** What is being asked **
Transcribe the records below from the first line to the line that includes "As you can see", inclusive, and omit the pictures.

Data items:
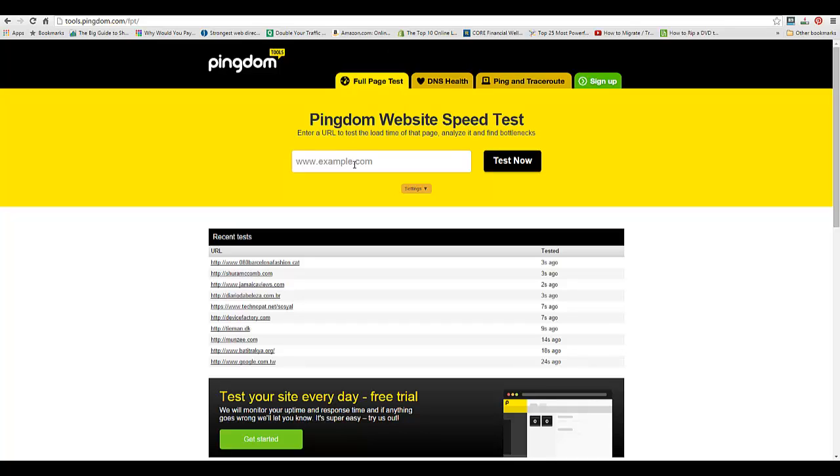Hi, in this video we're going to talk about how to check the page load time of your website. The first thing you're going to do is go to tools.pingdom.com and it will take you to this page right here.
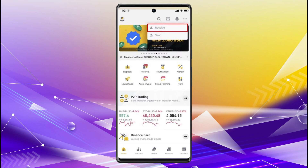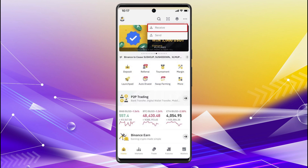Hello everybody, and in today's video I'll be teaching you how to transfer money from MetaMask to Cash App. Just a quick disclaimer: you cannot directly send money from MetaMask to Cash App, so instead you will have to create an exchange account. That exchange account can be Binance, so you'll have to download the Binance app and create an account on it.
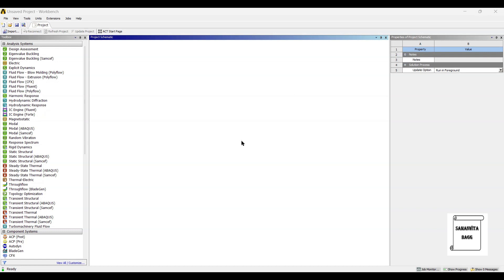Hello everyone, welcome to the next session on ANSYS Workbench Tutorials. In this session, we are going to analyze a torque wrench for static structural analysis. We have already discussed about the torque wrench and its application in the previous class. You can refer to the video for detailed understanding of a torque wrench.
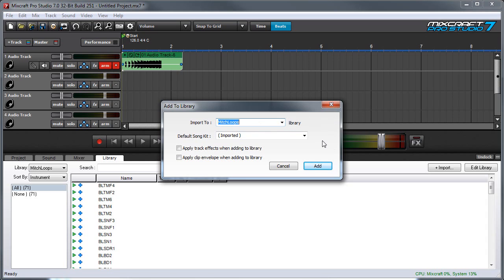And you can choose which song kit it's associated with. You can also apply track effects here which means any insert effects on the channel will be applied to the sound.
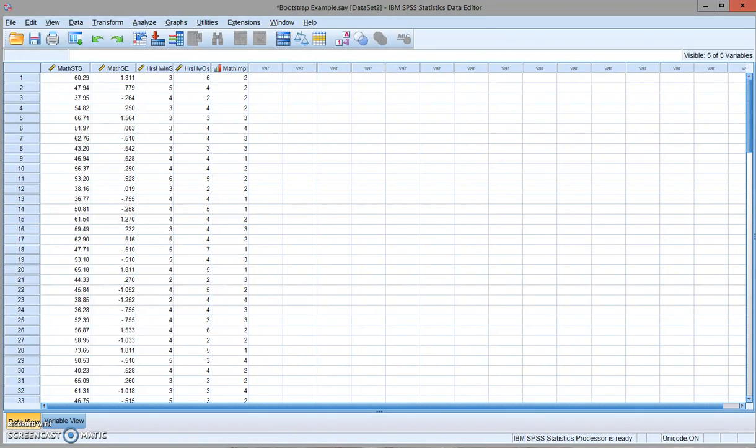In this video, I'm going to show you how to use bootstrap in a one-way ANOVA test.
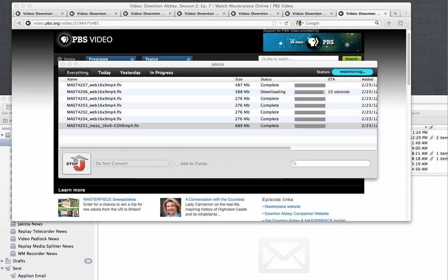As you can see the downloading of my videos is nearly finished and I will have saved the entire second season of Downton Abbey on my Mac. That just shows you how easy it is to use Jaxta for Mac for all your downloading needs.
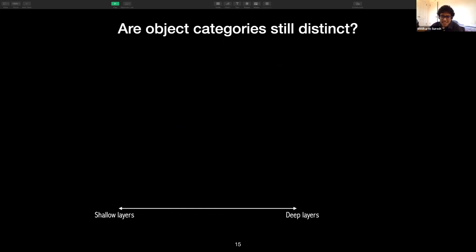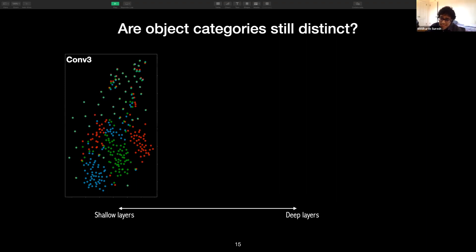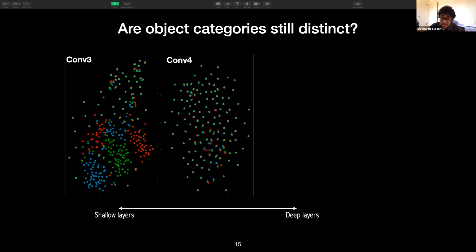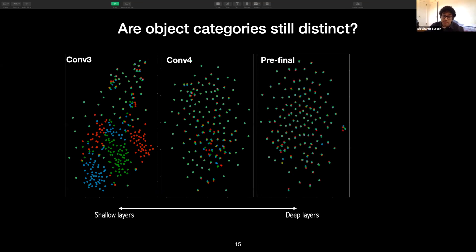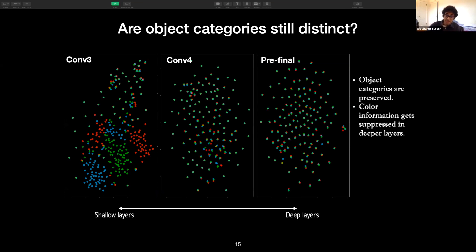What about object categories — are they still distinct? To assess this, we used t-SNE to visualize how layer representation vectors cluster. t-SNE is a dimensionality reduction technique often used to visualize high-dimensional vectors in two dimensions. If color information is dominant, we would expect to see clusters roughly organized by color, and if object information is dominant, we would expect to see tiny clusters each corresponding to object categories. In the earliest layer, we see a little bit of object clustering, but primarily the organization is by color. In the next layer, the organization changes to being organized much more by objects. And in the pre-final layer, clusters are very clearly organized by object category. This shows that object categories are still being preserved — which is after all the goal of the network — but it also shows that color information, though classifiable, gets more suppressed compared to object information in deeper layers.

** Solution for this problem **
Hi, in this video we're going to talk about how to check the page load time of your website. The first thing you're going to do is go to tools.pingdom.com and it will take you to this page right here.
Hello everybody, and in today's video I'll be teaching you how to transfer money from MetaMask to Cash App. Just a quick disclaimer: you cannot directly send money from MetaMask to Cash App, so instead you will have to create an exchange account. That exchange account can be Binance, so you'll have to download the Binance app and create an account on it.
Hello everyone, welcome to the next session on ANSYS Workbench Tutorials. In this session, we are going to analyze a torque wrench for static structural analysis. We have already discussed about the torque wrench and its application in the previous class. You can refer to the video for detailed understanding of a torque wrench.
And you can choose which song kit it's associated with. You can also apply track effects here which means any insert effects on the channel will be applied to the sound.
In this video, I'm going to show you how to use bootstrap in a one-way ANOVA test.
As you can see the downloading of my videos is nearly finished and I will have saved the entire second season of Downton Abbey on my Mac. That just shows you how easy it is to use Jaxta for Mac for all your downloading needs.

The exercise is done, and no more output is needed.